Madrassa Reforms - The Great Myth
AMIR MIR

Five years after General Pervez Musharraf promised sweeping reforms to ensure that Pakistani religious schools are not used any further to propagate extremist Islam; the country’s traditional madrassa system continues to operate freely as the key breeding ground for radical Islamist ideology as well as the recruitment centre for terrorist networks.

The madrassa reform campaign launched by General Musharraf in the aftermath of the 9/11 terror attacks in January 2002 has largely failed and hardly a few cosmetic changes could be introduced in the existing madrassa system. The federal government’s plan for madrassa reform is a classic example of the one-step forward two-steps backwards approach. Musharraf’s rhetoric to modernise the religious schools has met with little success mainly due to a lack of political will to enforce any of the much-trumpeted policy decisions that were supposed to be taken by his administration to reform the madrassas by bringing them into the educational mainstream. Subsequently, signs of Talibanisation are quite evident in all parts of Pakistan, especially in the heart of the federal capital where hardline religious leaders and hundreds of men and women activists from local madrassas continue to challenge the writ of the government by trying to force their brand of Islamic justice.
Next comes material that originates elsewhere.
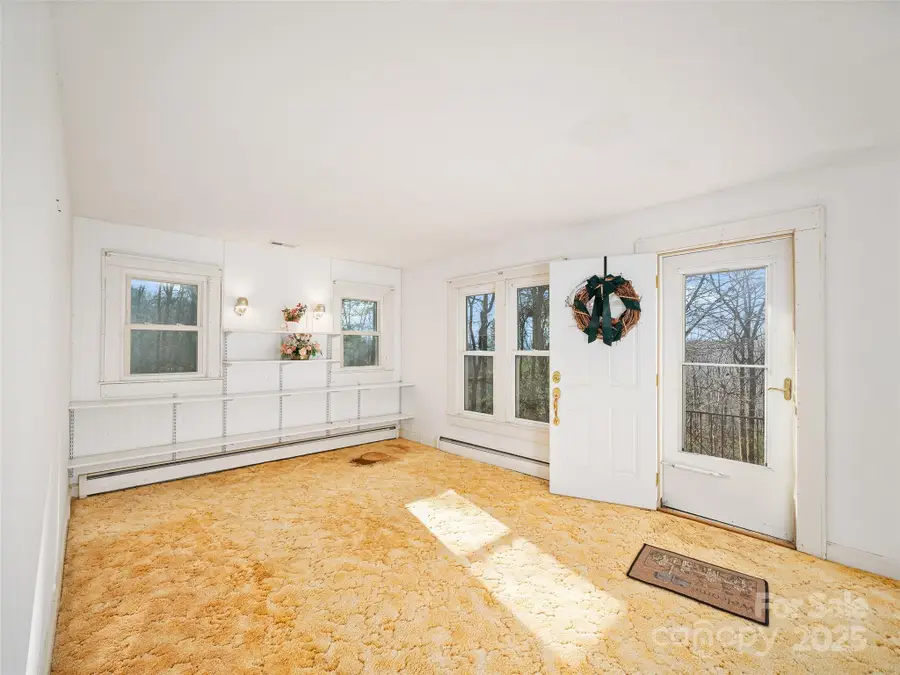 35 Smith Ridge Drive, Asheville, NC 28803 - Image #3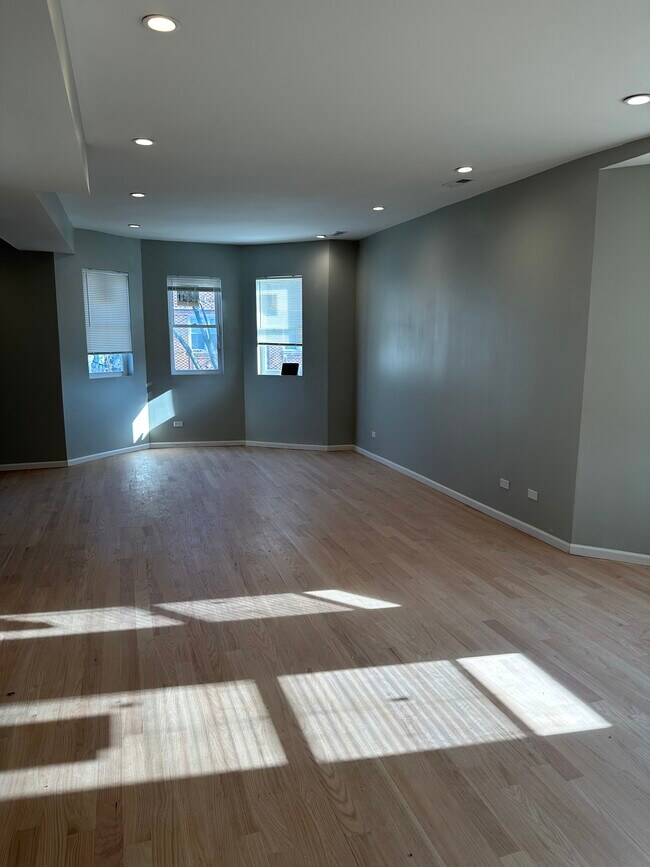 3404 N Lavergne Ave unit 2, Chicago, IL 60641 - photo 6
The March 30 raid by a group of burqa-clad madrassa students on a brothel in Islamabad and subsequent hostage taking of the alleged brothel owner was the second provocation by the Jamia Hafsa girl students in a short span of three months. Since January 2007, other than this incident, the violent students have occupied a children’s library adjacent to their madrassa after the Capital Development Authority began demolition of two mosques that were constructed on state land without permission. Several hundred girls of the Jamia Hafsa armed with bamboo sticks and weapons seized the only library in the federal capital, chiefly meant for children and refused to vacate it until the government reconstructed the mosques. At one stage the government did start reconstruction but the girls upped the ante and made extraneous demands including enforcement of Shariah laws in the country.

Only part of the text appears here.